Just as kids make mistakes in other areas of development, sometimes kids make mistakes as they learn social rules around sexuality. Luckily, parents can respond to most typical sexual behaviors exhibited by their kids with common parenting strategies (like redirection), education, and reinforcement of social rules around sexuality.

But how do you know when sexual behaviors become more concerning and need a higher level of intervention? We like how this chart, developed by the National Center on the Sexual Behavior of Youth, breaks it down.

When should you be concerned about sexual behaviors in children?

Frequency

  • High frequency

  • Excludes Normal Child Activities

  • Unresponsive (doesn’t decrease) to typical parenting strategies

Developmental Considerations

  • Happens between youth of different ages/developmental abilities

  • Behavior persists beyond typical developmental phase

  • Behavior interferes with social development

Harm

  • Intrusive behaviors

  • Includes force, intimidation, and/or coercion

  • Elicits fear and anxiety in other children

Frequency

When typical sexual development behaviors (such as self-touch or masturbation) occur at very high frequencies, begin to take the place of other activities, or continue despite the parent’s efforts, there may be underlying issues causing the behavior, such as anxiety, compulsivity, need for additional coping skills, or other influences that should be explored with the help of a licensed specialist.
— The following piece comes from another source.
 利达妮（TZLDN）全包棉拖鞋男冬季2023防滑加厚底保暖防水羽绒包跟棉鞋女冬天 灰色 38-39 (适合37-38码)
Developmental Considerations

Sexual play and exploration, such as playing “doctor” or exploration of romantic relationships, is a natural part of development. However, these behaviors can become problematic when it involves kids of different age groups, lasts beyond its developmental phase (such as a teenager playing “doctor”), or when the behavior is holding the child back.

Harm

Intrusive behaviors that include experimenting with another child’s sexual body parts (like the buttocks, breasts, anus, or genitals) are more invasive for the child being acted upon and may have a negative impact. Additionally, any behaviors that include force, intimidation, coercion, or cause fear and anxiety in other children are serious red flags that need to be addressed. If behavior falls into this category, it’s especially important to consult a professional to navigate the situation and to get help for all children involved.

How do you respond if you discover another child or your child is displaying concerning sexual behaviors?

Here are some general principles that can help you respond to any situation. You can view these principles below, along with a few examples of different levels of response to specific situations.

Stay calm.

It’s natural to have strong emotional reactions when you discover another child or your own child showing concerning sexual behaviors. First, stay calm and clear about family rules around sexuality. This will help your child understand expectations without feeling shame. Second, reassure them of your love throughout the process, which can help them strengthen their relationship with you and with their developing sexuality. Finally, if the behavior is occurring because the child has been abused themselves, your calm responses to their behaviors will make it more likely for them to feel comfortable disclosing.

Provide education and consequences, if necessary.

Many kids are still in the process of learning about their bodies and the social rules around sexuality. Beyond providing developmentally appropriate education about sex and about the body, you can help provide clear rules about social situations (e.g., “it’s not okay to touch someone else’s body parts without permission”), information about how to treat people (e.g., “a true friend won’t try to get you to break rules”), and reinforcement about how to respect their own body. Consequences may be necessary if the behavior is serious enough or there is a clear rule that has been broken or if the law has been broken. If you need help on how to educate or provide appropriate consequences, the National Center on the Sexual Behavior of Youth is a great resource for additional support.

Seek professional help.

Some situations may be more difficult to navigate than others, and it’s important to have support as you make critical decisions. Fortunately, many resources have been developed for you and the children involved to help you navigate this potentially unfamiliar territory. Call the Childhelp National Hotline (1-800-422-4453) to speak to a trained professional. Some parents may be afraid to report illegal behavior, however, besides being a legal requirement in most states, reporting can show your child how to take appropriate responsibility for actions, and that forward movement is possible.